┌──

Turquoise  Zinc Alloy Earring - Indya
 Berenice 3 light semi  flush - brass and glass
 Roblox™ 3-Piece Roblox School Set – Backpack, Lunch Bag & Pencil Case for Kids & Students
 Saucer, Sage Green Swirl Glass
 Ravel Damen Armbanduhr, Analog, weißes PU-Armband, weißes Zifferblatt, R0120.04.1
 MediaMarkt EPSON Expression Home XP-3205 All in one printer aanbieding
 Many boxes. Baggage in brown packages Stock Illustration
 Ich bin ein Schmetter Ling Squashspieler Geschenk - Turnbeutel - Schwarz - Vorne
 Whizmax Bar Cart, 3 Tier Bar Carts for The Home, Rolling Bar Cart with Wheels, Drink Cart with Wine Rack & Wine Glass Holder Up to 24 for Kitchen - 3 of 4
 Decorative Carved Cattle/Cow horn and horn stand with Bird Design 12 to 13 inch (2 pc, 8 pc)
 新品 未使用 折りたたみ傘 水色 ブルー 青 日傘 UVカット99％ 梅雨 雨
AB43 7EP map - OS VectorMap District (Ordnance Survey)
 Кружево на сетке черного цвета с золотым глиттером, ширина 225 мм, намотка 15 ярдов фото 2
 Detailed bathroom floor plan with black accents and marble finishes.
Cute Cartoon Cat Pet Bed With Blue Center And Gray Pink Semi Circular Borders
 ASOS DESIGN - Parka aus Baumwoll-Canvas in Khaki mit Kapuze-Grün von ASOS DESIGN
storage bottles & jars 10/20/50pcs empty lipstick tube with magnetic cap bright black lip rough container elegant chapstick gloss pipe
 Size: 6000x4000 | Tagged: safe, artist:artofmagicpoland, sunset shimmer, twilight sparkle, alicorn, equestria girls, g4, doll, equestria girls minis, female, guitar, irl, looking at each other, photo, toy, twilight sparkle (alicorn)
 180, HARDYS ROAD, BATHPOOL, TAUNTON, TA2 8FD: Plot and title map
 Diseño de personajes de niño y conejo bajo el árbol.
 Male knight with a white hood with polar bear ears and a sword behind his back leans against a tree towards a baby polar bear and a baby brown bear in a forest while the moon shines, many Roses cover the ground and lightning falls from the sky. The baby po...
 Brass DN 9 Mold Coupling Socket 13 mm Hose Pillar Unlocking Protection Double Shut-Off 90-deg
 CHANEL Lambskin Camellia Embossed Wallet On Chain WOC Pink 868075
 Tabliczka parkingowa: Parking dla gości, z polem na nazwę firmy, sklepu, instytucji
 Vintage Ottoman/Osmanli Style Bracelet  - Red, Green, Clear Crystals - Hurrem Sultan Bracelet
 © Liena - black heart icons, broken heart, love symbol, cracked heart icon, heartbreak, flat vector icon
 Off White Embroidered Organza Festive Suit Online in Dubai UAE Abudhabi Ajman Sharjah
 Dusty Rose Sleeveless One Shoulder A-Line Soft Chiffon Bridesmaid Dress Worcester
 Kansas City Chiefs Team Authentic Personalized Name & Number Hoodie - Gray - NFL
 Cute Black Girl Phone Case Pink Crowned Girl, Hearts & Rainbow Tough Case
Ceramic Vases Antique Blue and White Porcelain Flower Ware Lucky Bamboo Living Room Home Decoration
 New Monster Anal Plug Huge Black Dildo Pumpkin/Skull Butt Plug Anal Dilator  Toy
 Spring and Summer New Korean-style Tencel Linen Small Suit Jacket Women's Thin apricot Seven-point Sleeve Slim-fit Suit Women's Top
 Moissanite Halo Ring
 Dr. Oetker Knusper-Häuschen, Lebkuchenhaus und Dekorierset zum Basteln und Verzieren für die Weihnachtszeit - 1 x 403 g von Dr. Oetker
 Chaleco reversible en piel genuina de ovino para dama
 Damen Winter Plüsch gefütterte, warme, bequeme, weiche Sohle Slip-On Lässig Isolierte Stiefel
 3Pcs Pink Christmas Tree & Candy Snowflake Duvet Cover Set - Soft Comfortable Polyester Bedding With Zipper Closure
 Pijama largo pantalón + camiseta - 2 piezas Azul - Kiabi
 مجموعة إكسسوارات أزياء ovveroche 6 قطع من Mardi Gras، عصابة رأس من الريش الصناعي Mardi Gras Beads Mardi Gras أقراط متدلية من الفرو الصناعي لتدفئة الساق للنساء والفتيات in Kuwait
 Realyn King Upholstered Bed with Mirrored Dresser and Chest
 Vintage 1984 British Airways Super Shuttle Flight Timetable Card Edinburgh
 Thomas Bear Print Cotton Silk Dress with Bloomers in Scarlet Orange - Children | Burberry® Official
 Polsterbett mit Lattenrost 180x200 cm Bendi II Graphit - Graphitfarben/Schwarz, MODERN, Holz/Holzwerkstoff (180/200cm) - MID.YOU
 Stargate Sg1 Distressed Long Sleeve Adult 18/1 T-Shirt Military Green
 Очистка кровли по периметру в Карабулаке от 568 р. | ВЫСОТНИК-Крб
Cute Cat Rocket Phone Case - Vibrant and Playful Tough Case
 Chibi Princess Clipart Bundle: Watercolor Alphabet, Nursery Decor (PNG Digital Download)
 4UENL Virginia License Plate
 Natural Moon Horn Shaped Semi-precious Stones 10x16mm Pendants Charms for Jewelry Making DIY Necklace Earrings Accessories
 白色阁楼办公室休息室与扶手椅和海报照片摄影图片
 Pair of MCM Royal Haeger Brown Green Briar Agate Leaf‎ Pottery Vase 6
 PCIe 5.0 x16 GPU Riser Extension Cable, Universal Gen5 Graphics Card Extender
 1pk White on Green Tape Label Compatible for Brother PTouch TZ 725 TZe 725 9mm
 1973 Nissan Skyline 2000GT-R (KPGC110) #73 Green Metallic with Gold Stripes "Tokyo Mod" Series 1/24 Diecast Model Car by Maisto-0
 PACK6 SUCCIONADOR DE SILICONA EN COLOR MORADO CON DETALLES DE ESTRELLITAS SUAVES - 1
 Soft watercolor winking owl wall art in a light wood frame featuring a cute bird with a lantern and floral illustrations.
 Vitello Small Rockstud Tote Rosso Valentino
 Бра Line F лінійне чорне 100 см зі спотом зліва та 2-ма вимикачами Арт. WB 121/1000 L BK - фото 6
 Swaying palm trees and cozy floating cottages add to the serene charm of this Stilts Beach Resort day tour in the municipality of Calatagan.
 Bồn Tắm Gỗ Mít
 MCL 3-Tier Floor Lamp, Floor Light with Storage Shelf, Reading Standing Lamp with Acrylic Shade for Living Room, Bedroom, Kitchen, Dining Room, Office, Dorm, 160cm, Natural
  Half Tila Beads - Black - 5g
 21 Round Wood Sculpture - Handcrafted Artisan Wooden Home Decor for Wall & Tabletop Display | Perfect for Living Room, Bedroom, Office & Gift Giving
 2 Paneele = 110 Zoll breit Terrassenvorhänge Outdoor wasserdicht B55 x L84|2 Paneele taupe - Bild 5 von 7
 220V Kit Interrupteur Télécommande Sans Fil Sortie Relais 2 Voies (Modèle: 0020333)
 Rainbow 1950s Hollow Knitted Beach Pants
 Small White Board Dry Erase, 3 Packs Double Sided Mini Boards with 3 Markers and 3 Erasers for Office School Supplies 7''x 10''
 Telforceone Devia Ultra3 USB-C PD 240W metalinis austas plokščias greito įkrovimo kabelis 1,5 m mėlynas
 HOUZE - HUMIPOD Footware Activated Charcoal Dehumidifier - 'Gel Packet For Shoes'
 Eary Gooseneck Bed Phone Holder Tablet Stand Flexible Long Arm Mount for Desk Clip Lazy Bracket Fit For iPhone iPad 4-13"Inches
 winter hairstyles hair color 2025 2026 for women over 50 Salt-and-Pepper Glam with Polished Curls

└──

What is being asked:
The whole listing should be transcribed word for word.

Exercise answer:
Turquoise  Zinc Alloy Earring - Indya
 Berenice 3 light semi  flush - brass and glass
 Roblox™ 3-Piece Roblox School Set – Backpack, Lunch Bag & Pencil Case for Kids & Students
 Saucer, Sage Green Swirl Glass
 Ravel Damen Armbanduhr, Analog, weißes PU-Armband, weißes Zifferblatt, R0120.04.1
 MediaMarkt EPSON Expression Home XP-3205 All in one printer aanbieding
 Many boxes. Baggage in brown packages Stock Illustration
 Ich bin ein Schmetter Ling Squashspieler Geschenk - Turnbeutel - Schwarz - Vorne
 Whizmax Bar Cart, 3 Tier Bar Carts for The Home, Rolling Bar Cart with Wheels, Drink Cart with Wine Rack & Wine Glass Holder Up to 24 for Kitchen - 3 of 4
 Decorative Carved Cattle/Cow horn and horn stand with Bird Design 12 to 13 inch (2 pc, 8 pc)
 新品 未使用 折りたたみ傘 水色 ブルー 青 日傘 UVカット99％ 梅雨 雨
AB43 7EP map - OS VectorMap District (Ordnance Survey)
 Кружево на сетке черного цвета с золотым глиттером, ширина 225 мм, намотка 15 ярдов фото 2
 Detailed bathroom floor plan with black accents and marble finishes.
Cute Cartoon Cat Pet Bed With Blue Center And Gray Pink Semi Circular Borders
 ASOS DESIGN - Parka aus Baumwoll-Canvas in Khaki mit Kapuze-Grün von ASOS DESIGN
storage bottles & jars 10/20/50pcs empty lipstick tube with magnetic cap bright black lip rough container elegant chapstick gloss pipe
 Size: 6000x4000 | Tagged: safe, artist:artofmagicpoland, sunset shimmer, twilight sparkle, alicorn, equestria girls, g4, doll, equestria girls minis, female, guitar, irl, looking at each other, photo, toy, twilight sparkle (alicorn)
 180, HARDYS ROAD, BATHPOOL, TAUNTON, TA2 8FD: Plot and title map
 Diseño de personajes de niño y conejo bajo el árbol.
 Male knight with a white hood with polar bear ears and a sword behind his back leans against a tree towards a baby polar bear and a baby brown bear in a forest while the moon shines, many Roses cover the ground and lightning falls from the sky. The baby po...
 Brass DN 9 Mold Coupling Socket 13 mm Hose Pillar Unlocking Protection Double Shut-Off 90-deg
 CHANEL Lambskin Camellia Embossed Wallet On Chain WOC Pink 868075
 Tabliczka parkingowa: Parking dla gości, z polem na nazwę firmy, sklepu, instytucji
 Vintage Ottoman/Osmanli Style Bracelet  - Red, Green, Clear Crystals - Hurrem Sultan Bracelet
 © Liena - black heart icons, broken heart, love symbol, cracked heart icon, heartbreak, flat vector icon
 Off White Embroidered Organza Festive Suit Online in Dubai UAE Abudhabi Ajman Sharjah
 Dusty Rose Sleeveless One Shoulder A-Line Soft Chiffon Bridesmaid Dress Worcester
 Kansas City Chiefs Team Authentic Personalized Name & Number Hoodie - Gray - NFL
 Cute Black Girl Phone Case Pink Crowned Girl, Hearts & Rainbow Tough Case
Ceramic Vases Antique Blue and White Porcelain Flower Ware Lucky Bamboo Living Room Home Decoration
 New Monster Anal Plug Huge Black Dildo Pumpkin/Skull Butt Plug Anal Dilator  Toy
 Spring and Summer New Korean-style Tencel Linen Small Suit Jacket Women's Thin apricot Seven-point Sleeve Slim-fit Suit Women's Top
 Moissanite Halo Ring
 Dr. Oetker Knusper-Häuschen, Lebkuchenhaus und Dekorierset zum Basteln und Verzieren für die Weihnachtszeit - 1 x 403 g von Dr. Oetker
 Chaleco reversible en piel genuina de ovino para dama
 Damen Winter Plüsch gefütterte, warme, bequeme, weiche Sohle Slip-On Lässig Isolierte Stiefel
 3Pcs Pink Christmas Tree & Candy Snowflake Duvet Cover Set - Soft Comfortable Polyester Bedding With Zipper Closure
 Pijama largo pantalón + camiseta - 2 piezas Azul - Kiabi
 مجموعة إكسسوارات أزياء ovveroche 6 قطع من Mardi Gras، عصابة رأس من الريش الصناعي Mardi Gras Beads Mardi Gras أقراط متدلية من الفرو الصناعي لتدفئة الساق للنساء والفتيات in Kuwait
 Realyn King Upholstered Bed with Mirrored Dresser and Chest
 Vintage 1984 British Airways Super Shuttle Flight Timetable Card Edinburgh
 Thomas Bear Print Cotton Silk Dress with Bloomers in Scarlet Orange - Children | Burberry® Official
 Polsterbett mit Lattenrost 180x200 cm Bendi II Graphit - Graphitfarben/Schwarz, MODERN, Holz/Holzwerkstoff (180/200cm) - MID.YOU
 Stargate Sg1 Distressed Long Sleeve Adult 18/1 T-Shirt Military Green
 Очистка кровли по периметру в Карабулаке от 568 р. | ВЫСОТНИК-Крб
Cute Cat Rocket Phone Case - Vibrant and Playful Tough Case
 Chibi Princess Clipart Bundle: Watercolor Alphabet, Nursery Decor (PNG Digital Download)
 4UENL Virginia License Plate
 Natural Moon Horn Shaped Semi-precious Stones 10x16mm Pendants Charms for Jewelry Making DIY Necklace Earrings Accessories
 白色阁楼办公室休息室与扶手椅和海报照片摄影图片
 Pair of MCM Royal Haeger Brown Green Briar Agate Leaf‎ Pottery Vase 6
 PCIe 5.0 x16 GPU Riser Extension Cable, Universal Gen5 Graphics Card Extender
 1pk White on Green Tape Label Compatible for Brother PTouch TZ 725 TZe 725 9mm
 1973 Nissan Skyline 2000GT-R (KPGC110) #73 Green Metallic with Gold Stripes "Tokyo Mod" Series 1/24 Diecast Model Car by Maisto-0
 PACK6 SUCCIONADOR DE SILICONA EN COLOR MORADO CON DETALLES DE ESTRELLITAS SUAVES - 1
 Soft watercolor winking owl wall art in a light wood frame featuring a cute bird with a lantern and floral illustrations.
 Vitello Small Rockstud Tote Rosso Valentino
 Бра Line F лінійне чорне 100 см зі спотом зліва та 2-ма вимикачами Арт. WB 121/1000 L BK - фото 6
 Swaying palm trees and cozy floating cottages add to the serene charm of this Stilts Beach Resort day tour in the municipality of Calatagan.
 Bồn Tắm Gỗ Mít
 MCL 3-Tier Floor Lamp, Floor Light with Storage Shelf, Reading Standing Lamp with Acrylic Shade for Living Room, Bedroom, Kitchen, Dining Room, Office, Dorm, 160cm, Natural
  Half Tila Beads - Black - 5g
 21 Round Wood Sculpture - Handcrafted Artisan Wooden Home Decor for Wall & Tabletop Display | Perfect for Living Room, Bedroom, Office & Gift Giving
 2 Paneele = 110 Zoll breit Terrassenvorhänge Outdoor wasserdicht B55 x L84|2 Paneele taupe - Bild 5 von 7
 220V Kit Interrupteur Télécommande Sans Fil Sortie Relais 2 Voies (Modèle: 0020333)
 Rainbow 1950s Hollow Knitted Beach Pants
 Small White Board Dry Erase, 3 Packs Double Sided Mini Boards with 3 Markers and 3 Erasers for Office School Supplies 7''x 10''
 Telforceone Devia Ultra3 USB-C PD 240W metalinis austas plokščias greito įkrovimo kabelis 1,5 m mėlynas
 HOUZE - HUMIPOD Footware Activated Charcoal Dehumidifier - 'Gel Packet For Shoes'
 Eary Gooseneck Bed Phone Holder Tablet Stand Flexible Long Arm Mount for Desk Clip Lazy Bracket Fit For iPhone iPad 4-13"Inches
 winter hairstyles hair color 2025 2026 for women over 50 Salt-and-Pepper Glam with Polished Curls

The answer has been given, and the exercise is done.